Items from a dataset –
*** Block opens ***

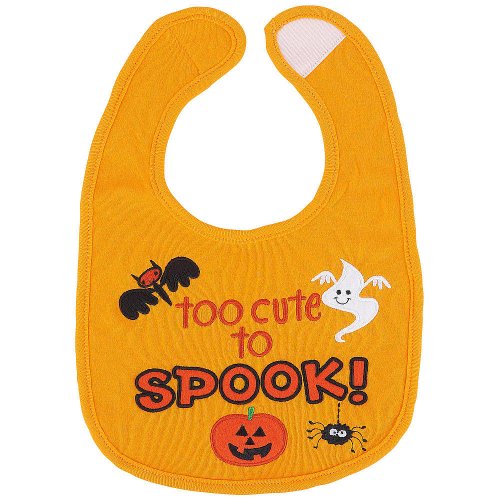 Koala Baby Too Cute to Spook Small Feeder Bib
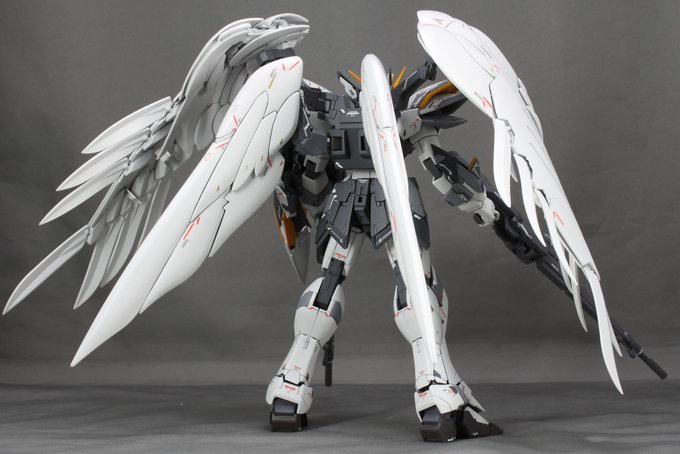 ウイングガンダムゼロewのtwitterイラスト検索結果
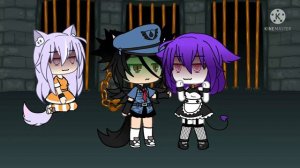 Гача полиция 1/?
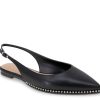 New BCBGeneration Valerie Flat Black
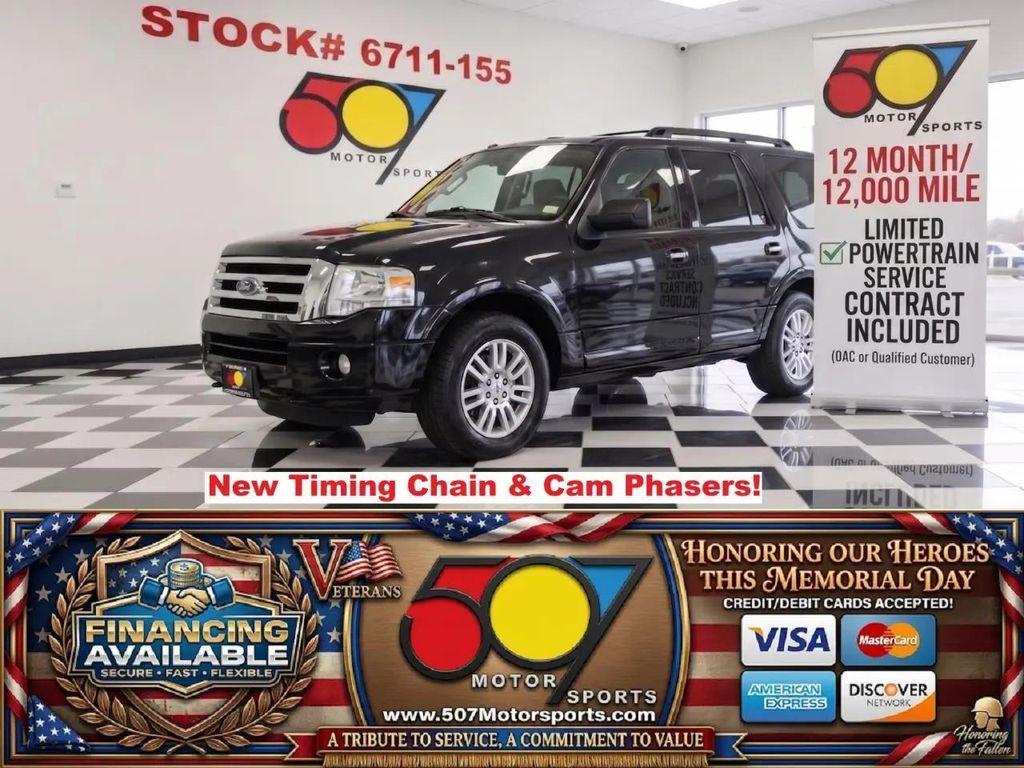 used 2011 Ford Expedition car, priced at $5,995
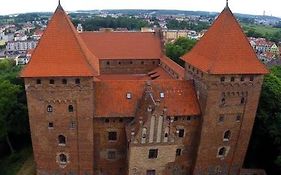 Zamek Nidzica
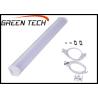 Buy cheap 2700K - 6500K Tri Proof Light , Suspension Wall Mounted Waterproof Tube Light from wholesalers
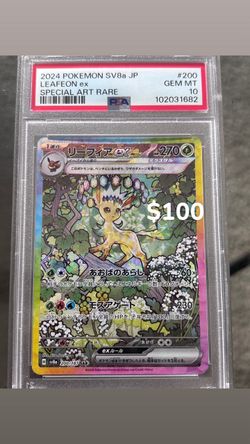 Various pokemon cards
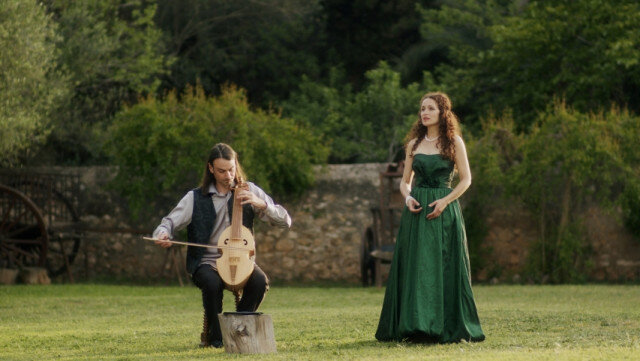 Cantar alla Viola (Španělsko – Jordánsko/USA) vystoupí 19. září od 19.30 hodin.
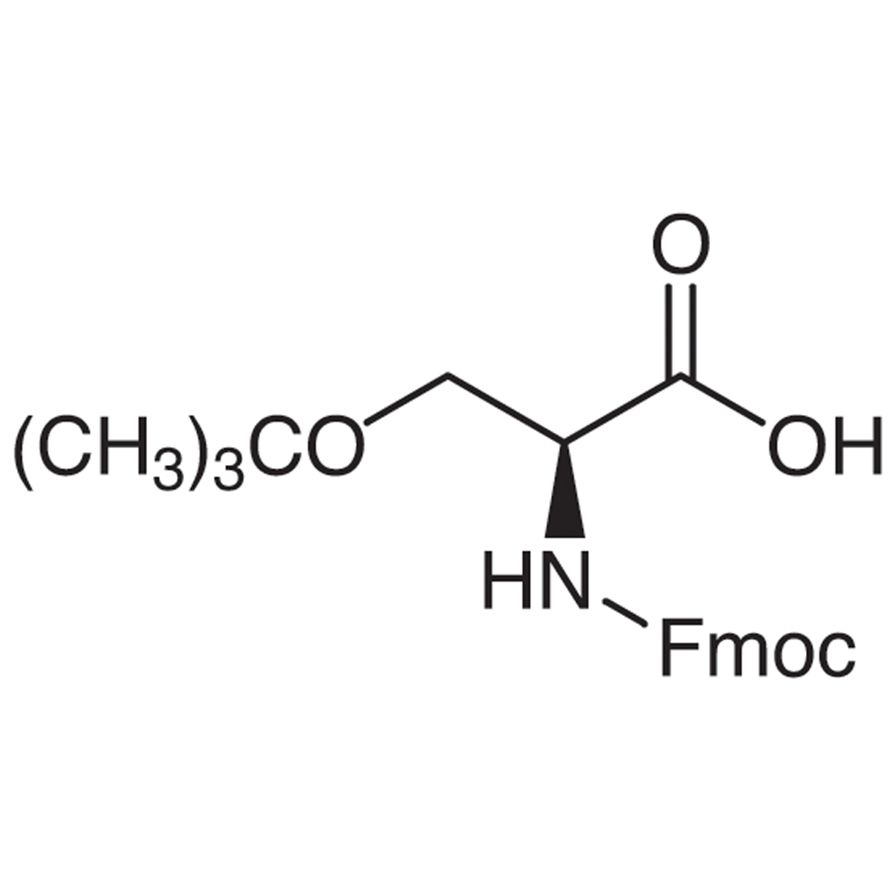 O-tert-Butyl-N-[(9H-fluoren-9-ylmethoxy)carbonyl]-L-serine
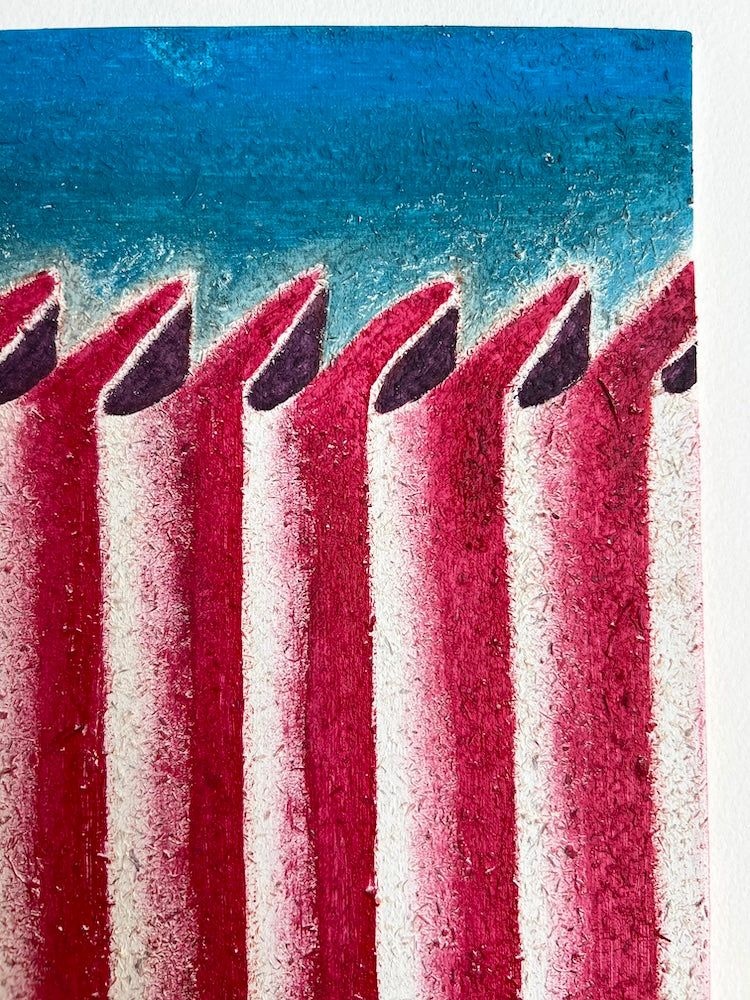 Collection of Abigail Hampsey - Hortus Sky in a gallery layout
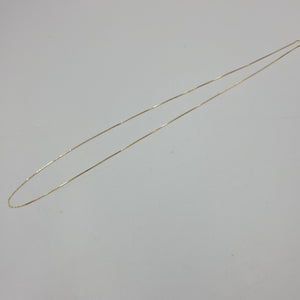 CADENAS ESPECIAL ORO 14K 1.2 (NUEVO)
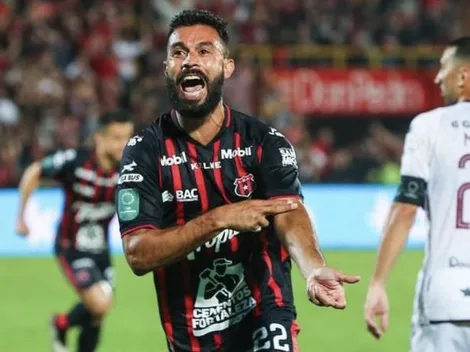 ¿Recibió realmente Alajuelense una oferta por Giancarlo González?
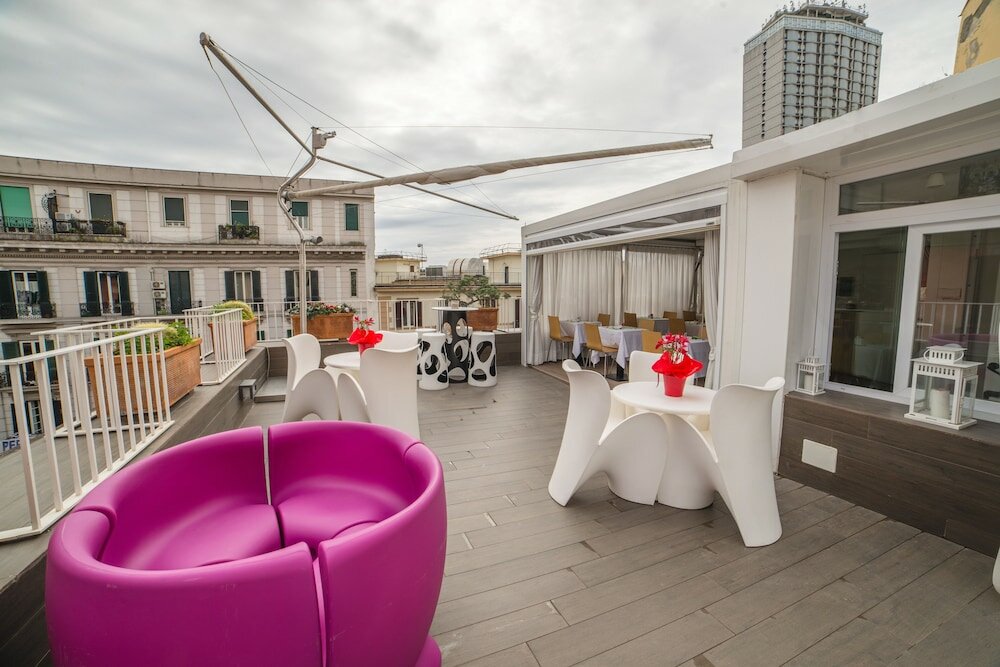 Фото Hotel Airone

*** Block closes ***

Work required – Restate the data above word for word, so that the only difference is the missing pictures.

Your response –
 Koala Baby Too Cute to Spook Small Feeder Bib
 ウイングガンダムゼロewのtwitterイラスト検索結果
 Гача полиция 1/?
 New BCBGeneration Valerie Flat Black
 used 2011 Ford Expedition car, priced at $5,995
 Zamek Nidzica
 Buy cheap 2700K - 6500K Tri Proof Light , Suspension Wall Mounted Waterproof Tube Light from wholesalers
 Various pokemon cards
 Cantar alla Viola (Španělsko – Jordánsko/USA) vystoupí 19. září od 19.30 hodin.
 O-tert-Butyl-N-[(9H-fluoren-9-ylmethoxy)carbonyl]-L-serine
 Collection of Abigail Hampsey - Hortus Sky in a gallery layout
 CADENAS ESPECIAL ORO 14K 1.2 (NUEVO)
 ¿Recibió realmente Alajuelense una oferta por Giancarlo González?
 Фото Hotel Airone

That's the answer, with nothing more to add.